Was er nun mitnehme von diesem Turnier, vom Mitwirken unter den Großen und Starken und dem ersten Viertelfinale seiner Karriere, wurde Zverev später gefragt. Und seine Antwort lautete da: "Wenn du an dich glaubst, ist alles möglich." Er hoffe nun, so Zverev, "vor allem, gesund und fit zu bleiben. Denn dann kann noch viel gehen in diesem Jahr."

Nächster Stopp für ihn, für das Familienunternehmen Zverev insgesamt, ist erst einmal Frankfurt. Da geht es nicht um das persönliche Vorankommen, sondern um einen Erfolg der deutschen Davis Cup-Mannschaft gegen Belgien, vom 3. bis 5. Februar. Auch damit erfüllt sich ein Traum des älteren Zverev-Bruders, des Sensationsdarstellers von Melbourne - denn spät in seiner Karriere steht er nun zusammen mit Bruderherz Sascha im Team, dazu sind auch Philipp Kohlschreiber und Jan-Lennard Struff nominiert. Es ist keineswegs abwegig, dass Zverev und Zverev sogar das stets wegweisende Doppel am Samstag bestreiten werden.

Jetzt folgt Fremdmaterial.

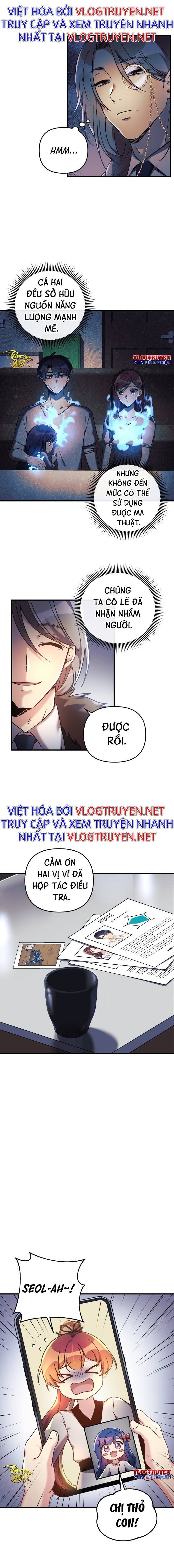 đọc truyện Con Gái Tôi Là Trùm Cuối Chương 18 ảnh 11 tại Truyện Dạ Ký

Schweizer Halbfinale fixiert

Und in Melbourne? Hier richten sich die Blicke auf das Schweizer Duell, auf Federer, den Rückkehrer, dessen Alter nicht im geringsten vor Klasse und Erfolgen schützt. Als betagtester Profi seit dem Amerikaner Arthur Ashe 1978 geht der unverwüstliche Grand-Slam-Rekordchampion (17 Titel) nun in der Nachtshow des Donnerstags ins Rennen gegen Wawrinka - also jenen Mann, der in den letzten Jahren sportlich zwar aus Federers Schatten trat, mit jeweils einem Grand Slam-Erfolg in den Spielzeiten 2014, 2015 und 2016.

Der aber gleichwohl nicht heranragen kann (und will) an die Popularität und die charismatische Erscheinung des Älteren, der immer auch ein Idol für ihn geblieben ist. "Ich weiß, wie man Roger schlagen kann", sagte Wawrinka nach seinem selbstbewussten Viertelfinal-Auftritt, "aber ihn dann auch wirklich zu schlagen, ist immer noch eine ganz andere Sache."

Wawrinka, der härteste Draufschläger des Tennis. Gegen Federer, den Meister der Flexibilität, Finten und Finessen. Es verspricht ein Klassiker zu werden, diese Night-Show am zehnten Turnierabend von Melbourne, das 22. Persönliche Duell (18:3 Federer). Wer kann sein Spiel durchsetzen, wer behält die Nerven? Diese Antwort wird erst auf dem Platz der Rod-Laver-Arena geliefert, in einem Australian-Open-Traummatch, an das vorher niemand geglaubt hatte. Auch nicht Federer: "Ich habe mich längst übertroffen hier", sagt er.